TO END SCHOOL CHEATING:

Controls at the Kenya National Examination Council (KNEC)
As I have stated above and as an educator myself, I believe there are better ways to end cheating starting with internal controls at the Examination offices at KNEC. Obviously that's where the problem is and if it is fixed at the top, then this wouldn't even be an issue in the first place. I am not privy to what those controls are or look like but clearly they are not working and I would gladly be happy to assist identify the gaps and plug them if they care to ask. The so called "corrupt cartels" wouldn't exist but for deficient controls, that's a fact.

Exams should be Concept oriented
Whereas Kenya's education curriculum needs a complete overhaul and makeover so our graduates are taught relevant skills that would help them compete in the global economy, making exams concept oriented is the perhaps the easiest, low hanging fruit if you will, of creating a fool-proof exam regime. What we have now in Kenya is a "Uniform" exam that is primarily predicated on memory and less on understanding the concepts, in other words we have a single version of each exam that students are tested on and it makes cheating extremely easy. If on the other hand, our exams are set in a manner that tests the same concepts but in different versions, even as low as 10 or as high as 100 different versions, randomly chosen and distributed at examination centers themselves and nationally, it would help make exams fool proof and next to impossible to cheat, it would be like hitting the lottery to get an exam that students already chit sheets to, almost like hitting a lottery because it astronomically increases the odds that the student would have the leaks that actually match the exam version he/she randomly gets on exam day.

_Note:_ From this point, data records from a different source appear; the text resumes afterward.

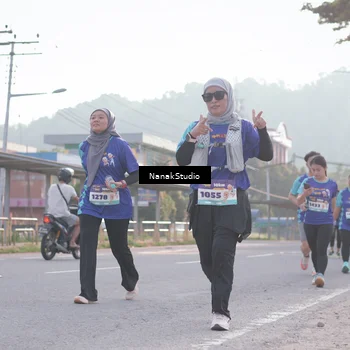 Runner Photo 8345710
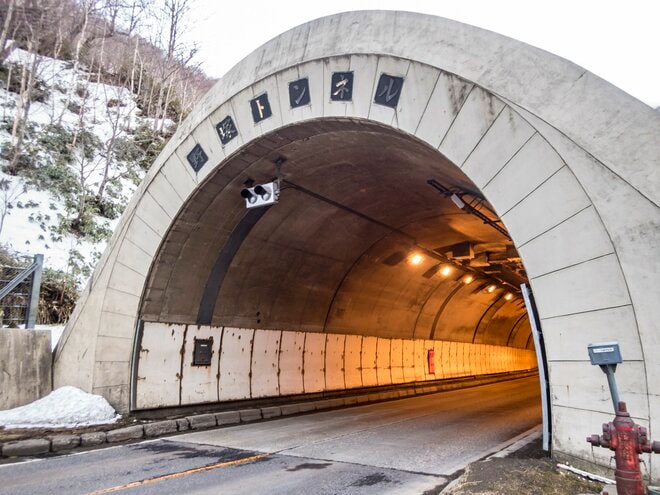 【スキーツーリングの世界】日本一長い日高山脈をスキーで滑り抜ける！ 「南日高」主稜線の長く過酷な一日  北海道・2022年の画像015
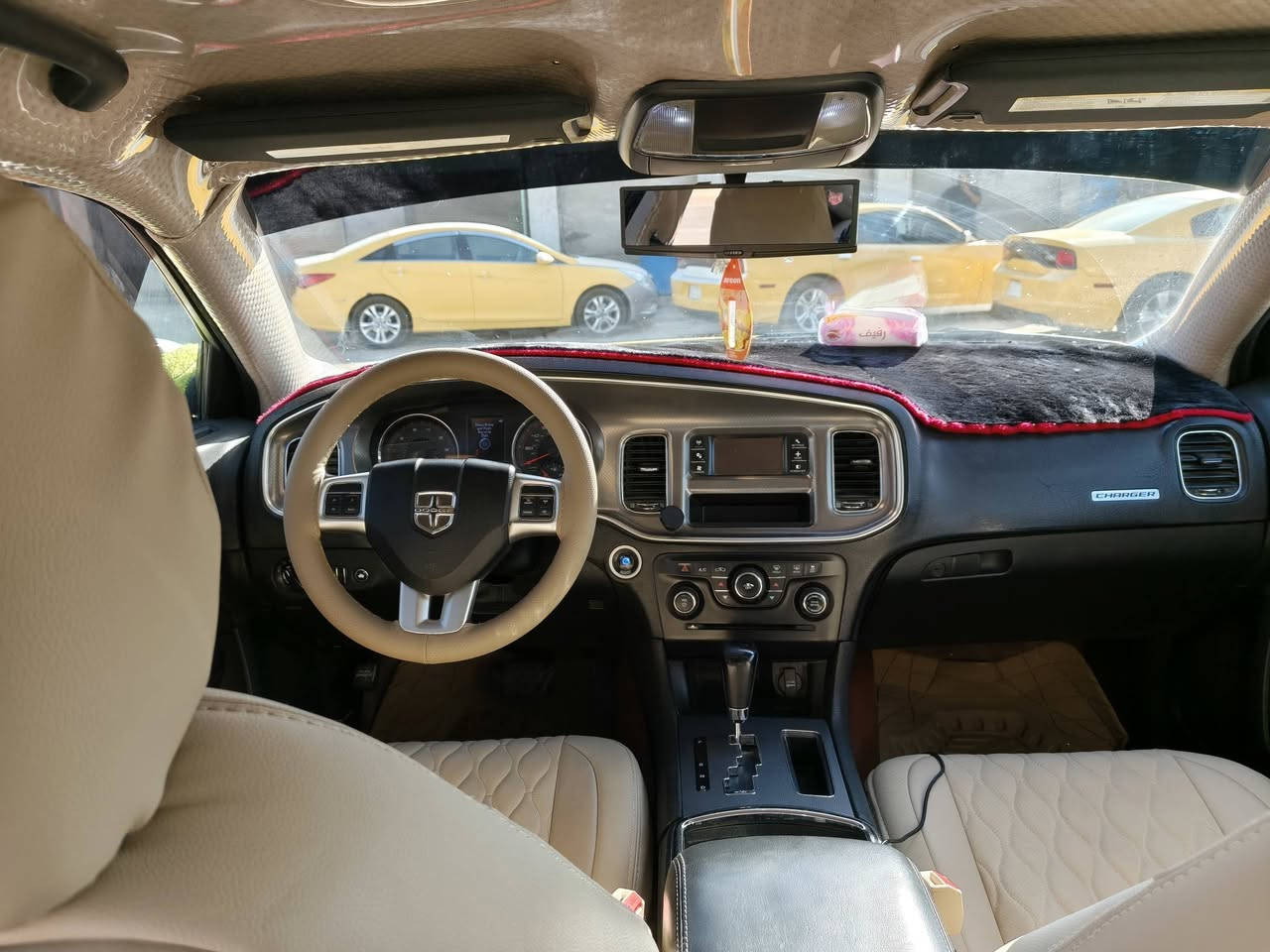 السلام عليكم  جارجر 2011 ضربتها جاملغ اليمن الكدام وماعابر لا معجون ولا ضربه قويه ولا خياس السياره خط جديد مصفره غرفه جديده بطاين جديده السياره جاهزه من كلشي السياره بل رفاعي وابو السنويه يمي مشروع وطني السياره السعر 130 واني خادم ‏‪***********‬‏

This is a practice I and other instructors and even proctored exams employ in the United States and it works. No additional resources or costs are required. Students would be compelled to learn the material and apply the concepts at exams.

HOW THE PRESIDENT CAN FIX THIS IMPASSE
By no means am I an expert nor am I pretending to be one but if I were advising President Kenyatta, this is what I would tell him and expect him to do:
a)     Reverse Matiang'i's rules for now to stop the bleeding, let's go back to the drawing board and start over
b)     Require Matiang'i to work collaboratively with representatives of ALL stakeholders starting with teachers, PTAs and student governments to come up with practical and realistic rules that have greater buy-in from the affected parties
c)      We need reforms at the KNEC, that's the source of corruption in the examination matters, it is where corruption resides and thrives
d)     fix corruption at the ministry itself but don't mix the issues, for example corrupt officials who collude with teachers to divert funds meant for the students' benefit should be dealt with separately and not lumped up with unrelated issues like we are witnessing now
e)     Revamp our curriculum, it is an extreme imperative Mr. President. Let us help you get this done, not the clergy or parents. In the last published reports on this issue, the ministry invited, in my view, the wrong parties like the clergy to help craft the country's new curriculum – that's a disconnect, no employers were invited, these are the folks we need at the table if these graduates stand a chance of competing for jobs in the economy.